Separation issues

Network separations

CFS and DNS can be in separate networks with firewall rules preventing any outgoing connection from the CFS to internal networks and for the DNS server incoming connections from CFS network ranges

Process separations

In large organisations we often observe that different teams are responible for different tasks. ECH deployments require that at least the team for DNS (ZF) and the team responsible for hosting services talk to each other. We are not commenting on how often this might be a problem.

In addition, some organisations have to deal with IT security reuglation standards (ISO certification, NIS2 law in Europe), might might impact the way how ECH is being deployed (which team does what, documents what, etc.). Since deployments of ECH pose new questions, we can't yet fully assess the impact of regulations on deployements. However, it is worth keeping an eye on so that future revisions of the ECH drafts can be deployed easier for organisations facing tight regulations.

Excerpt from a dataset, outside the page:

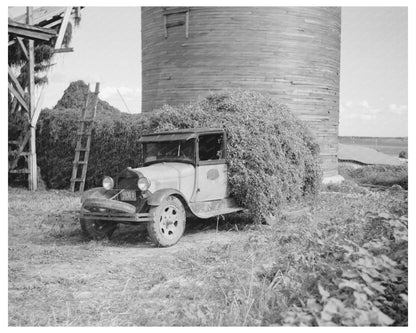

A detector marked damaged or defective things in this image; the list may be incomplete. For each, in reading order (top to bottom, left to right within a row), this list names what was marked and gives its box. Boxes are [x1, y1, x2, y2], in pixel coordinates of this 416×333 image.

abandoned old truck [79, 128, 244, 245]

Organizational separations

In the same way as a lot of IT services are outsources (web, e-mail, etc.) DNS Servers may be operated by third parties, e.g. a registrar, a DDoS protector etc. Thus, there is no direct access via SSH to the server administration, but rather via websites and APIs.

The let's encrypt project had the same challenge when starting with the ACME dns-01 challenge. As a result, a lot of ACME clients (go-acme, posh, acme.sh etc.) implemented support for a lot of provider's APIs. The same effort will become necessary for the Zone Factory software. Potentially existing code from ACME-projects could be re-used to reduce the expenses.